The Monument to Concepción Arenal is an instance of public art in Madrid, Spain. Located at the Parque del Oeste, it is dedicated to Concepción Arenal, 19th-century standout jurist and precursor of feminism.

== History and description ==
The monument was a work by José María Palma Burgos, a sculptor from Granada. It was funded via popular subscription.

The sculptural group consisted of a granite basement displaying the seated statue of Concepción Arenal, made of limestone and dressed with a judicial robe, sided to her right flank by an allegory of Peace cast in bronze, and a symbolization of the ideas of Liberty, Justice and Forgiveness, sculpted in stone, to her left flank.

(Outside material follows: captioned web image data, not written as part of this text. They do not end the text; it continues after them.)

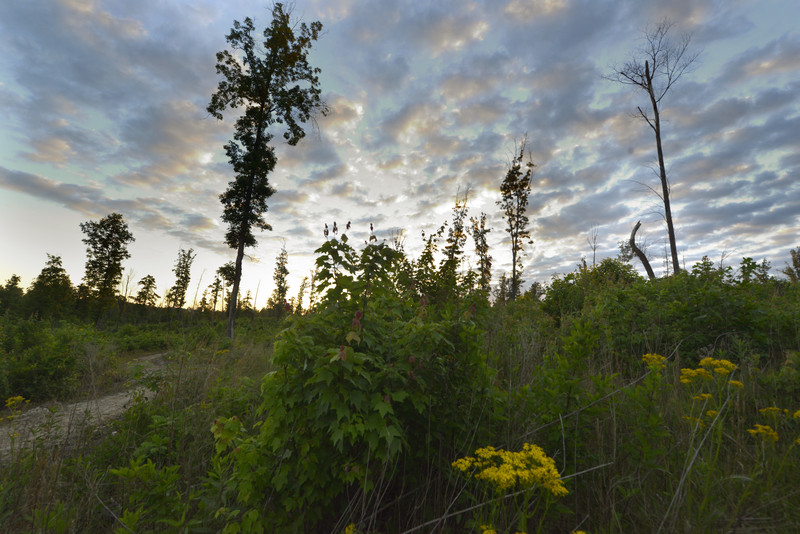 Buffalo Creek Preserve Trail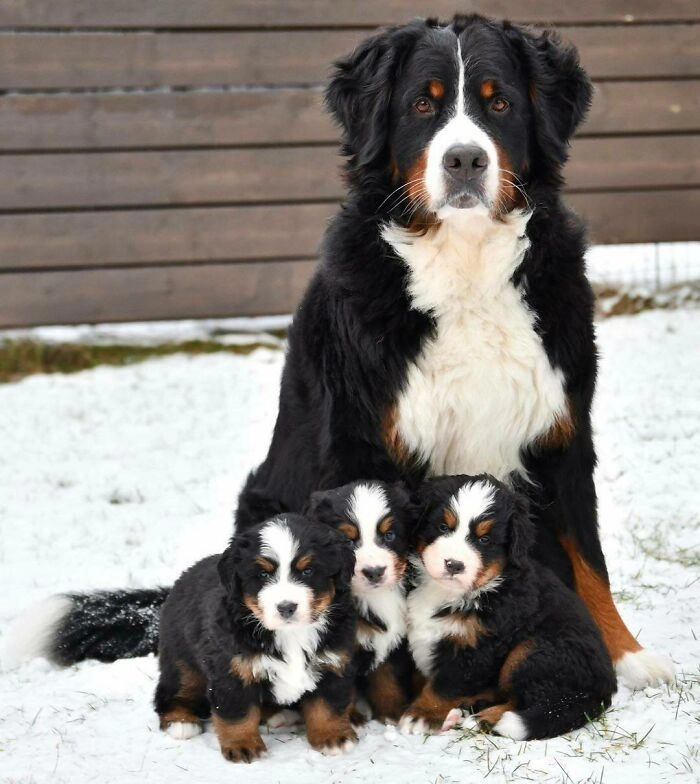 Идеальная семейная фотография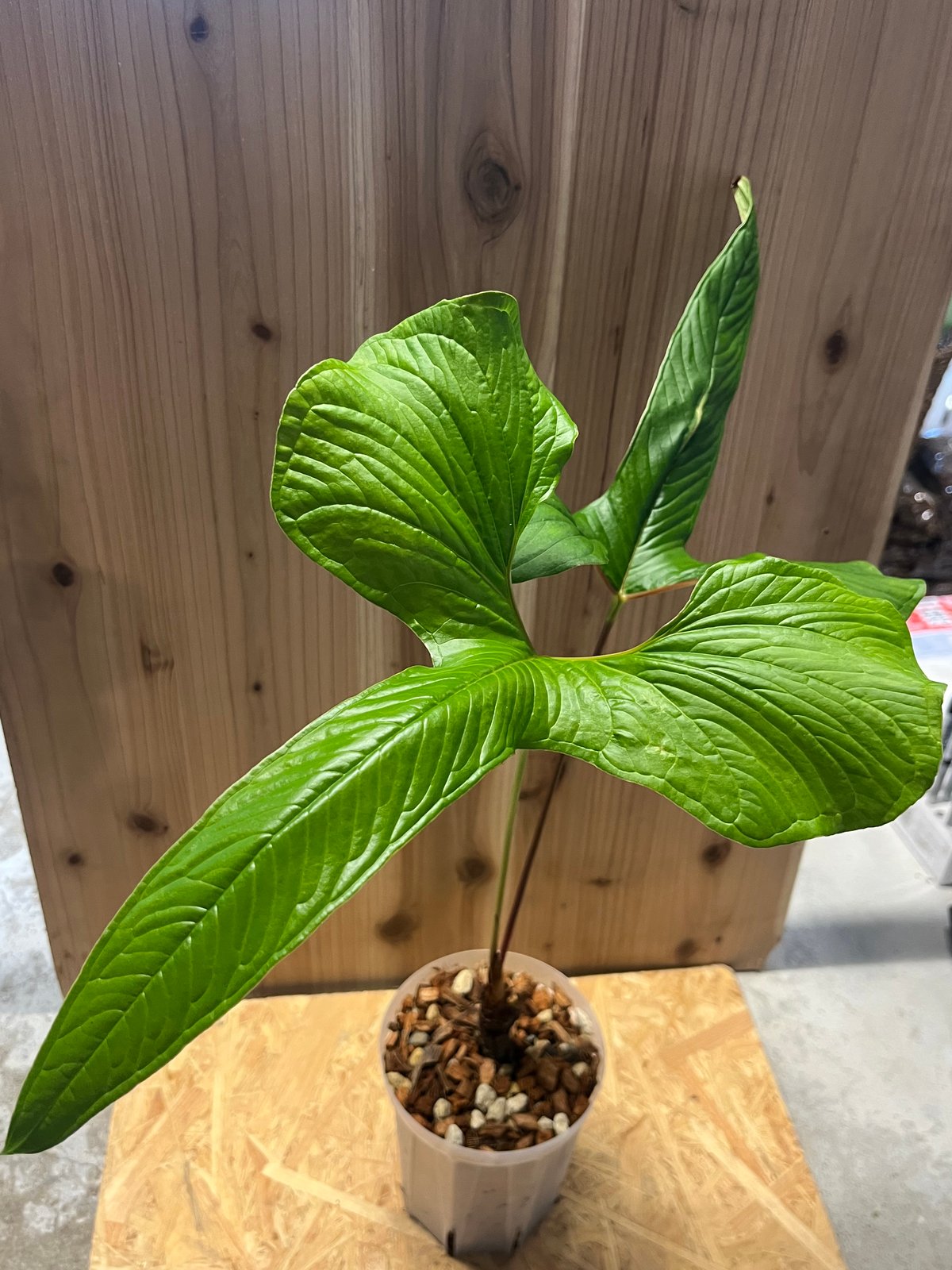 アンスリウム ドラコノプテラム Anthurium Draconopterum Secret Bazaar | _ 『 アンスリウム・ドラコノプテラム 』 Anthurium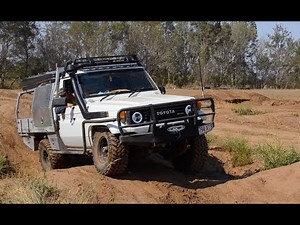 75 Series Landcruiser doing leafy things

An inscription at its base reads "concepción arenal. amó la ciencia. consoló el dolor" ("Concepción Arenal. She loved science. She comforted pain").

It was unveiled on 29 May 1934 at the plaza de Ruperto Chapí, located at the Parque del Oeste. Some of the institutional representatives attending the event were Niceto Alcalá Zamora (President of the Republic), Pedro Rico (Mayor of Madrid), Rafael Sánchez Guerra (Secretary of the Presidency), Victoria Kent (Director–General of Prisons), Álvaro de Albornoz (President of the Court of Constitutional Guarantees), Gerardo Abad Conde (President of the Council of State), Diego Medina y García (President of the Supreme Court), Vicente Cantos (Minister of Justice), Filiberto Villalobos (Minister of Public Instruction). The ceremony was also attended by a number of prominent women in the public sphere such as Concha Espina, Magda Donato, Matilde Muñoz, Pilar Millán Astray or Regina García among others. José María Poyán (President of the Lar Gallego), Clara Campoamor (on behalf of the organizing committee for the erection of the monument) and Vicente Cantos (as representative of the Government) intervened as speakers.

The monument endured damage during the 1936–1939 Civil War. Following the end of the war, the monument underwent a restoration, directed by José María Palma himself with help from architect Pedro Muguruza.

The monument was moved to its current location within the park, near the Paseo Moret, in 1995.